[RECORDS SUPPLIED — start]

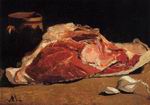 (image for) Handmade Oil painting for home canvas, oil painting framed canvas for living room Still Life with Meat 1862-1863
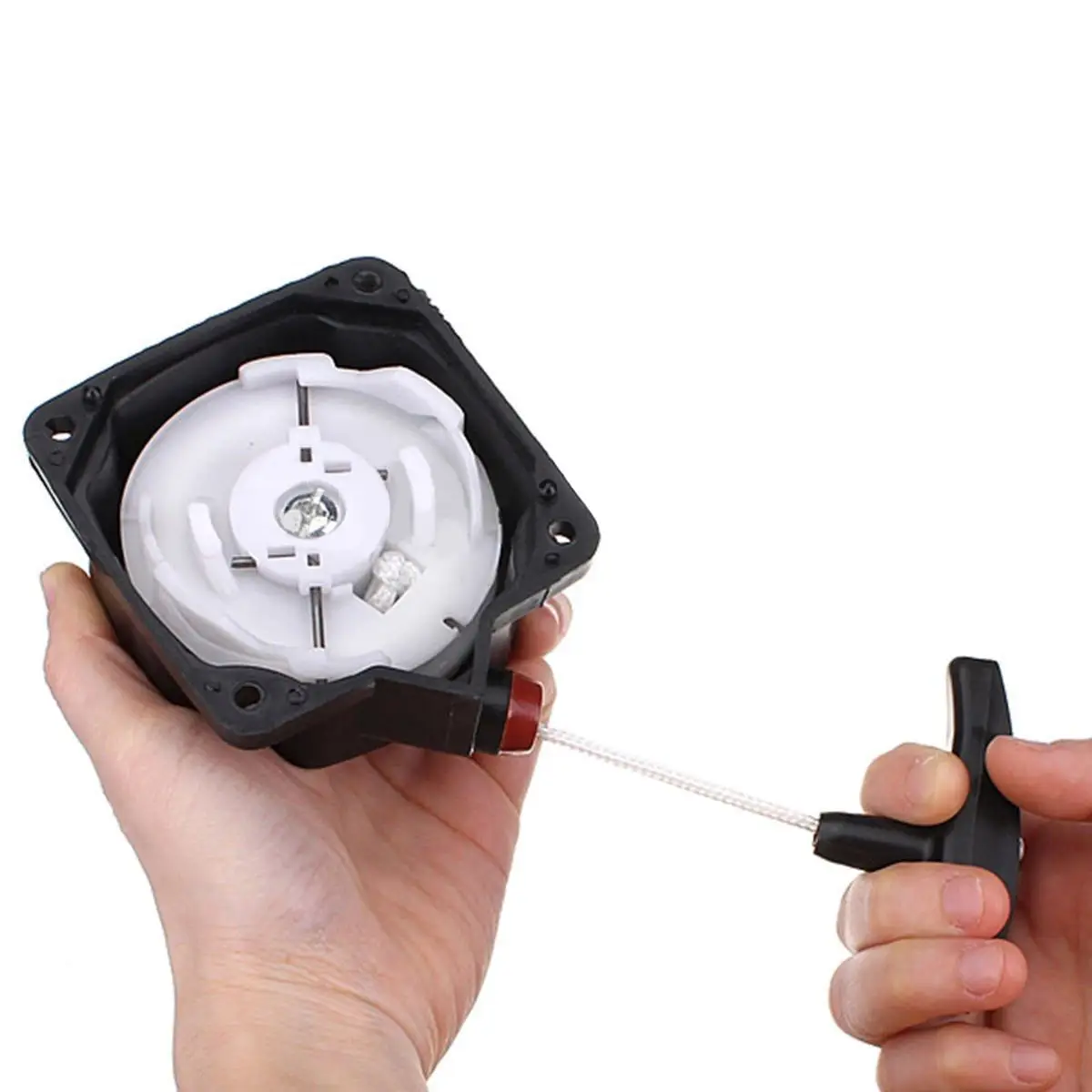 Universal Pullstart Recoil Pull Starter Desbrozadora Strimmer Start Piezas de cortacésped Negro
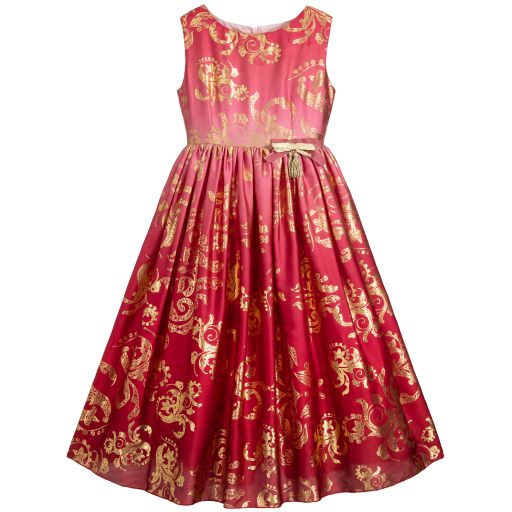 LESY Girls Fuchsia Pink & Gold Floral Tulle Special Occasion Dress
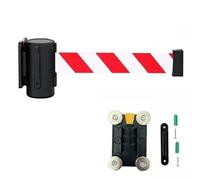 Nastro barriera retrattile, Barriera magnetica retrattile da parete 2/3/5 m, rossa e bianca, con cassa in acciaio nero, for negozi di alimentari stadi(2M/6.5FT)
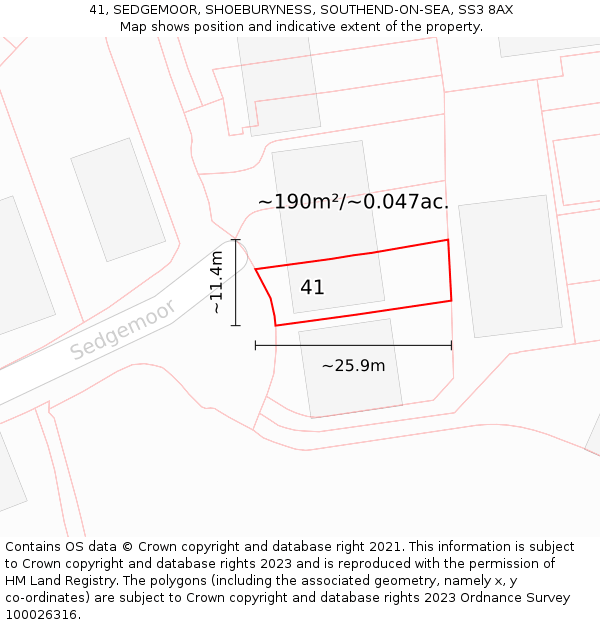 41, SEDGEMOOR, SHOEBURYNESS, SOUTHEND-ON-SEA, SS3 8AX: Plot and title map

[RECORDS SUPPLIED — finish]

** PROBLEM STATEMENT **
Output verbatim the lines beginning at the line with "Universal Pullstart Recoil" and ending at the last line of the material above, inclusive. Do not carry over any pictures.

** EXERCISE OUTPUT **
 Universal Pullstart Recoil Pull Starter Desbrozadora Strimmer Start Piezas de cortacésped Negro
 LESY Girls Fuchsia Pink & Gold Floral Tulle Special Occasion Dress
 Nastro barriera retrattile, Barriera magnetica retrattile da parete 2/3/5 m, rossa e bianca, con cassa in acciaio nero, for negozi di alimentari stadi(2M/6.5FT)
 41, SEDGEMOOR, SHOEBURYNESS, SOUTHEND-ON-SEA, SS3 8AX: Plot and title map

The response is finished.